AAP logoAAP 15/10/2016 Melissa Meehan

Victoria Police say they're more aware of security issues and that's the reason for a sharp increase in security breaches within the force.

A government report has found 453 "information security incidents" in the past financial year - up 36 per cent on the year before.

Lost or stolen police ID's made up the majority of breaches, followed by the unauthorised release of information and theft or loss.

But Victoria Police say the increased figures are the result of improved reporting measures which, in turn, helps highlight areas that needed to be addressed.

The Privacy and Data Protection report also revealed police were using their own mobile phones, computers and equipment to capture, store and send confidential information - meaning data was often taken to crime scenes and unsecured locations.

Officers also often stored law enforcement data under their desks or in personal equipment lockers, rather than being securely filed.

Commissioner David Watts surveyed a number of officers, roughly 16 per cent of the workforce, and many admitted to ignoring security policies, confusion about information classification and a reliance on hard copy data.
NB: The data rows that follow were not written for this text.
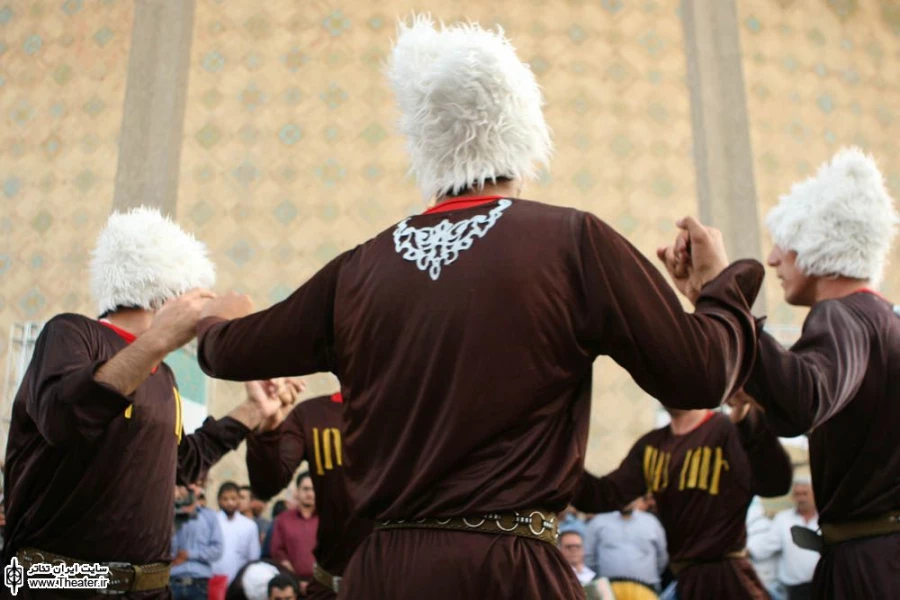 اویونلار (غریب منوچهری) 10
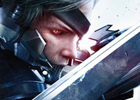 PS3「メタルギア ライジング リベンジェンス」Twitterキャンペーン特典のカスタムボディ「MGS4雷電」DLコードがAmazonの購入特典に追加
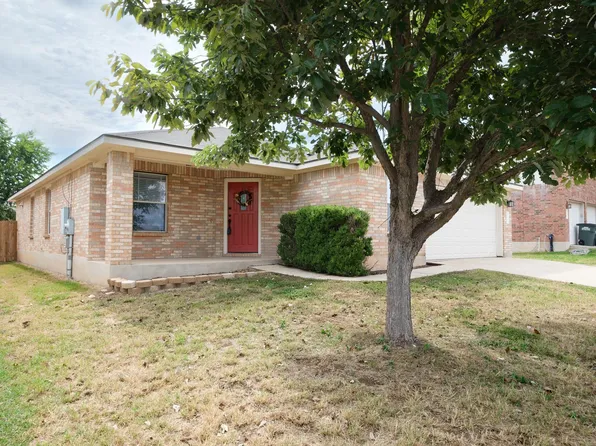 315 Northern Trl, Leander, TX 78641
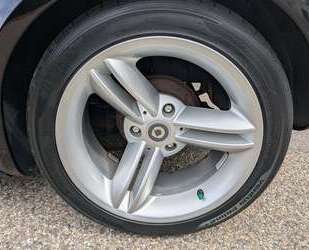 Smart roadster Gebrauchtwagen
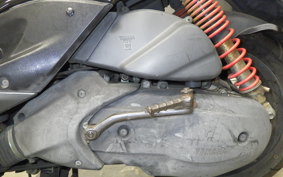 YAMAHA CYGNUS 125 XSR SE12J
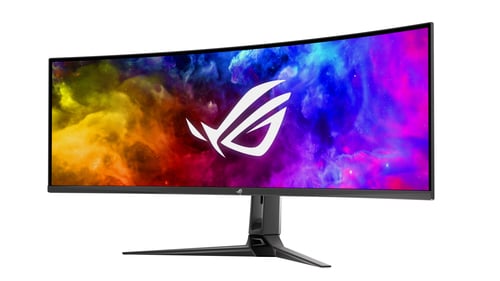 Asus 49"  90LM09C0-B01970 - Ecran PC Asus - grosbill.com - 4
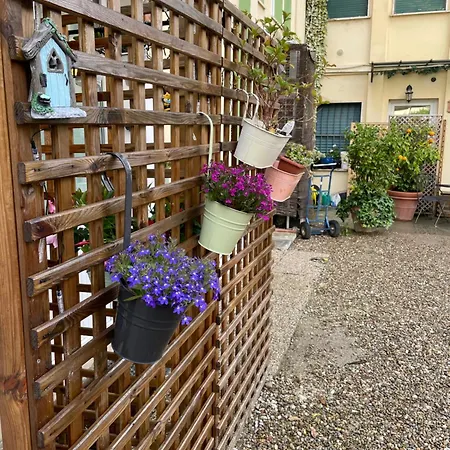 Exclusive Loft Degli Artisti * Флоренция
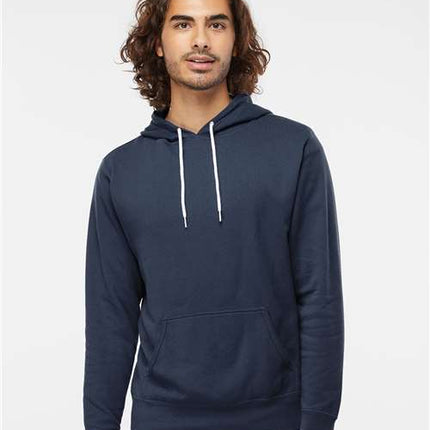 Unisex Lightweight Hooded Sweatshirt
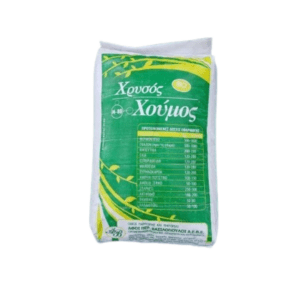 χρυσοςχουμος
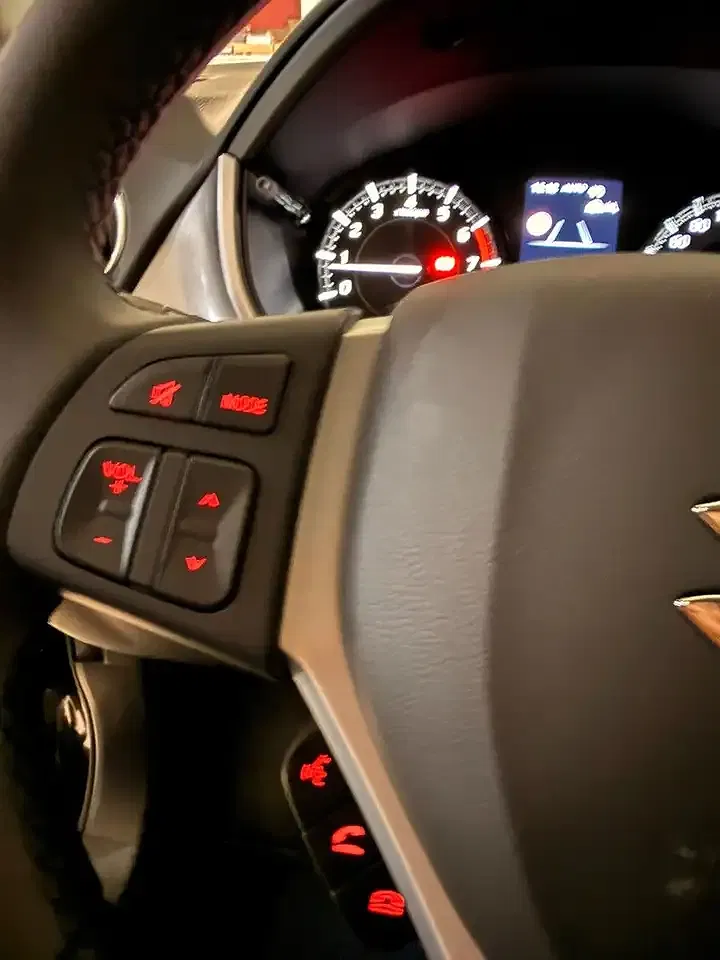 Suzuki Vitara - Thumbnail 19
"A substantial minority of sworn members would 'work around' an issue to get the job done rather than adhere to restrictive policy and procedure," the report said.

Victoria Police took the unprecedented step of establishing an amnesty for "personal holdings" of law enforcement data amount officers to be archived or destroyed.

Victoria Police spokeswoman Anthoula Moutis said the force had been working closely with the Commission on a range of initiatives to improve information security and the increased figures were an anticipated result of those efforts.

"Victoria Police takes security seriously and out commitment to this is evidenced in the cultural reform program we have been implementing," Ms Moutis said in a statement to AAP.

"This has included steps to lift the awareness of security issues in our workforce."

She said Victoria Police would consider the final report and recommendations to determine whether further initiatives needed to be explored.

Opposition police spokesman Edward O'Donohue described figures highlighted in the report as "alarming".

"The inability of Daniel Andrews to prevent these concerning failures is a risk to community safety with information confidential to police now in the community," he said in a statement on Sunday.

The state government has been contacted for comment.

The Privacy and Data Protection report found:

* 207 lost or stolen police certificates of identity

* 40 incidents of police information released without authorisation

* 32 cases of data spill (including exposure of police information)

* 27 unauthorised access

* 21 theft or loss of asset

* 18 malware infection

* 18 cases of abuse of privilege

* 5 stolen Victoria Police credentials.